— Listed records —
<<<<

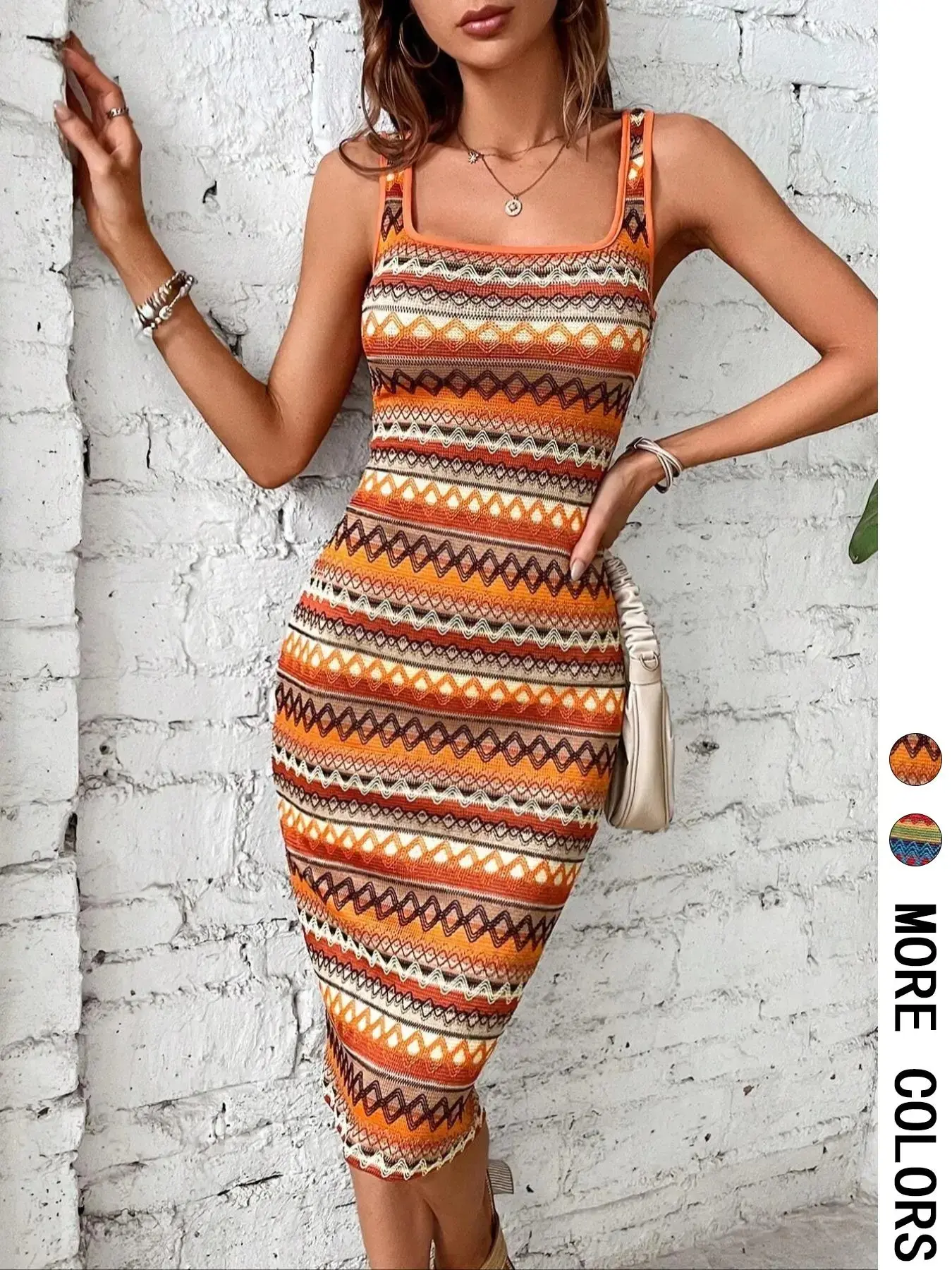 Women's Geometric Chevron Print Backless Bodycon Dress, Boho Style Square Neck Sleeveless Knee Length Dress for Beach Vacation Holiday, Ladies Summer Clothes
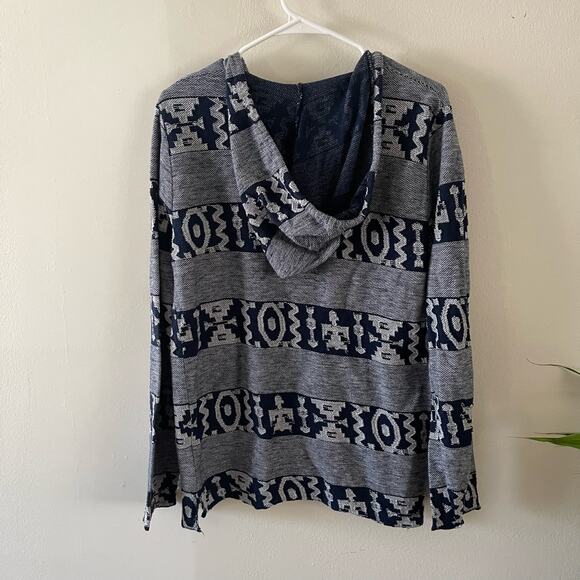 Obey Propaganda Baja Hoodie Womens Medium Blue Striped Pullover Boho Surf Skate - Picture 2 of 9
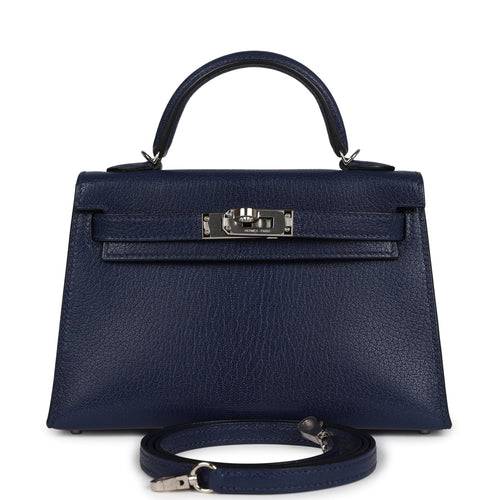 Hermes Kelly Sellier 20 Bleu Saphir Chevre Palladium Hardware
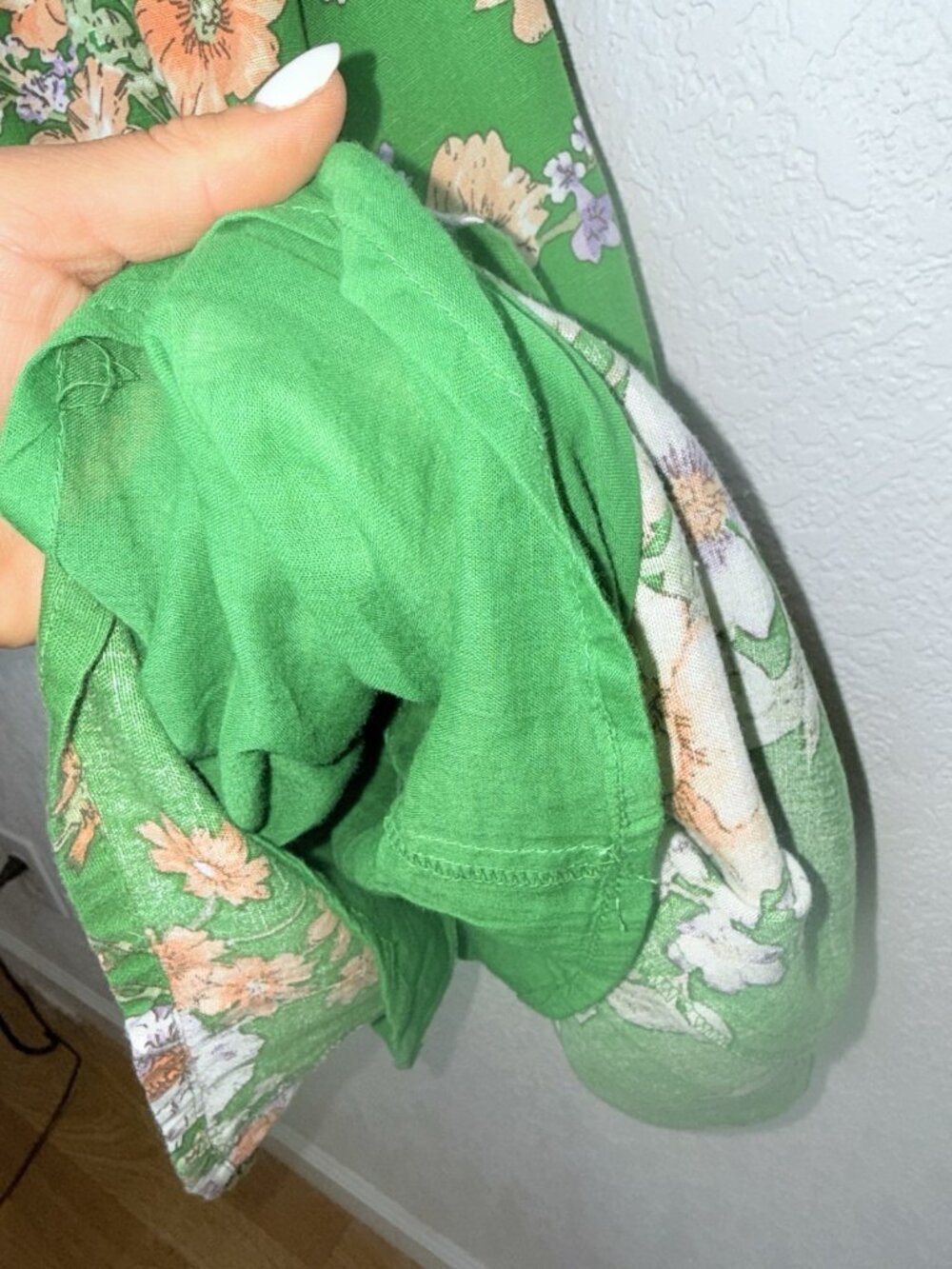 Sim & Sam Dress Linen Blend Floral Medium Babydoll Vacation Green Boho Summer I - Picture 9 of 13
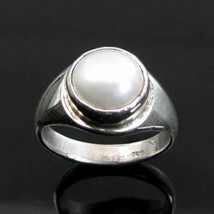 Real Pearl Moti Moon Gem Birthstone Rashi Ratna Silver Ring - £33.49 GBP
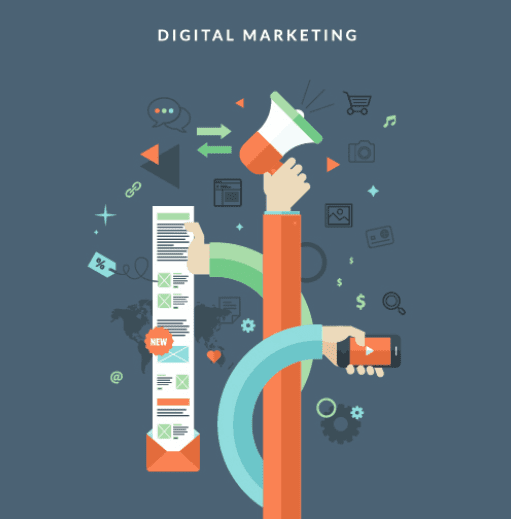 Digital Marketing Concept With A Megaphone, Smartphone, Social Media Icons, And An Email List, Highlighting The Various Aspects Of Online Marketing And Communication Strategies. Digital Marketing Concept With A Megaphone, Smartphone, Social Media Icons, And An Email List, Highlighting The Various Aspects Of Online Marketing And Communication Strategies.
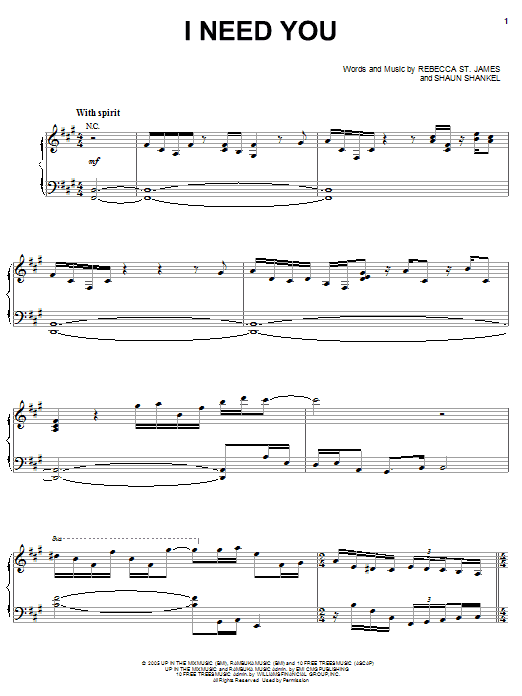 Learn to play Rebecca St. James I Need You sheet music for Piano, Vocal & Guitar Chords (Right-Hand Melody) in minutes. Price: 7.8900$ Rebecca St. James I Need You sheet music notes and chords arranged for Piano, Vocal & Guitar Chords (Right-Hand Melody)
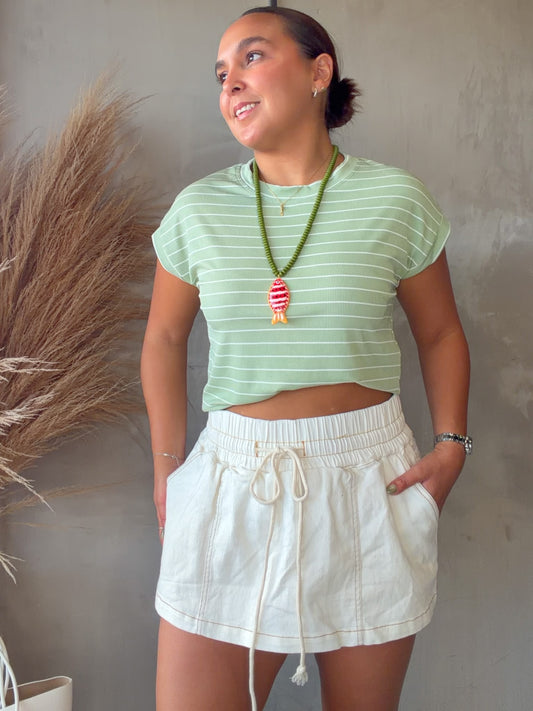 Raissa Sage Striped Top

>>>>

— Work request —
Go to the line above that contains "Sim & Sam Dress" and reproduce everything exactly from there through the line that contains "Real Pearl Moti", leaving out the pictures.

— Task solution —
 Sim & Sam Dress Linen Blend Floral Medium Babydoll Vacation Green Boho Summer I - Picture 9 of 13
 Real Pearl Moti Moon Gem Birthstone Rashi Ratna Silver Ring - £33.49 GBP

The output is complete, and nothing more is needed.